:: Task brief ::
Give the data again exactly as written, without any of its pictures.

:: Given data ::
────────────────
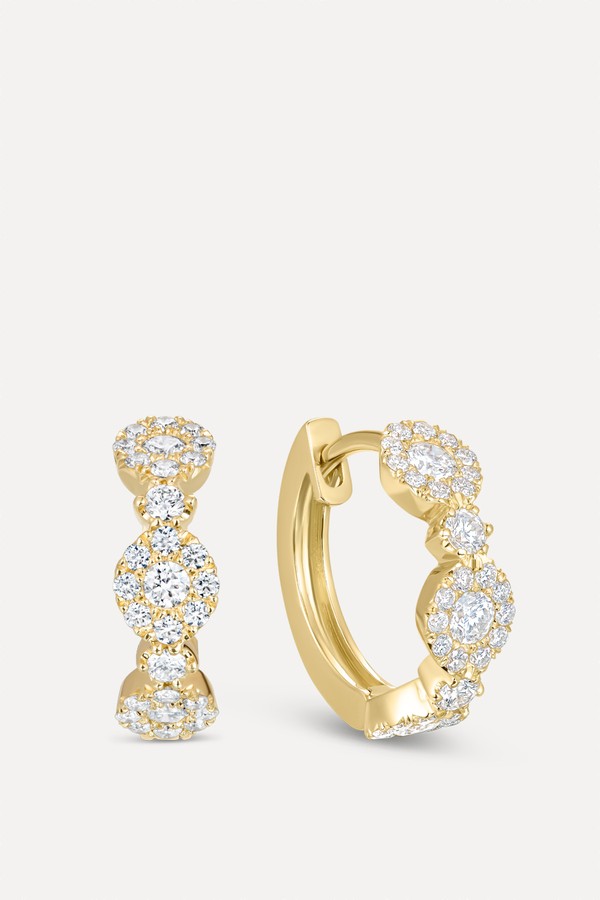 Triolette Oval Diamond Hoops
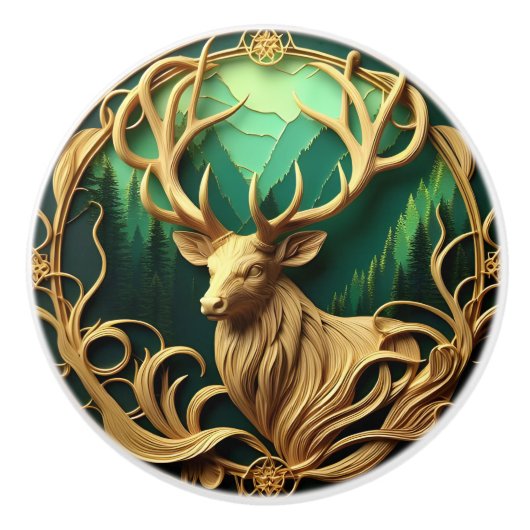 Majestueuze bok staren in een serene bos keramische knop (Voorkant)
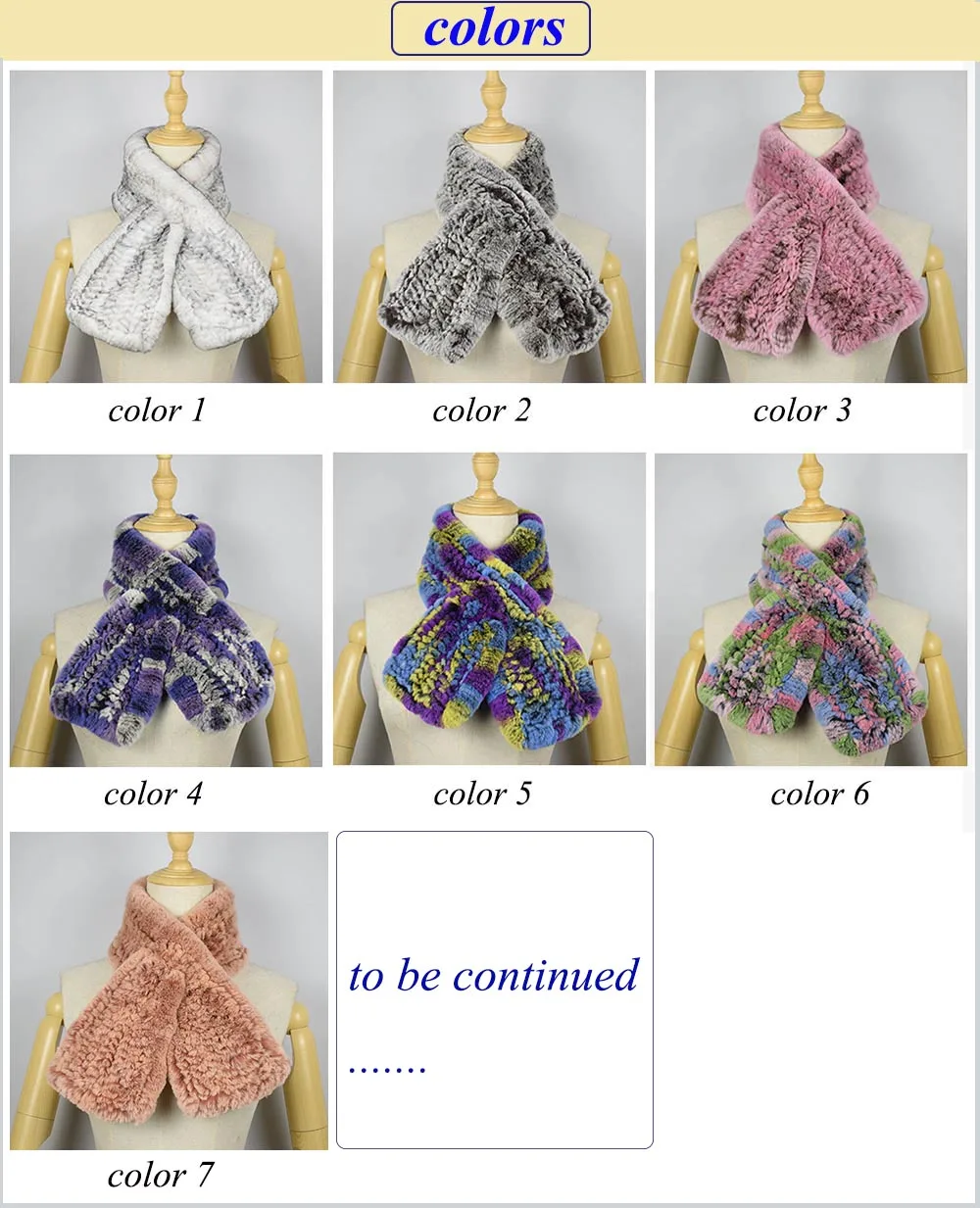 rex rabbit fur scarf short colors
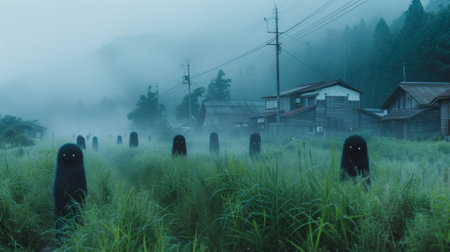 A group of black figures standing in a field with fog, AIの素材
────────────────
:: Exercise response ::
 Triolette Oval Diamond Hoops
 Majestueuze bok staren in een serene bos keramische knop (Voorkant)
 rex rabbit fur scarf short colors
 A group of black figures standing in a field with fog, AIの素材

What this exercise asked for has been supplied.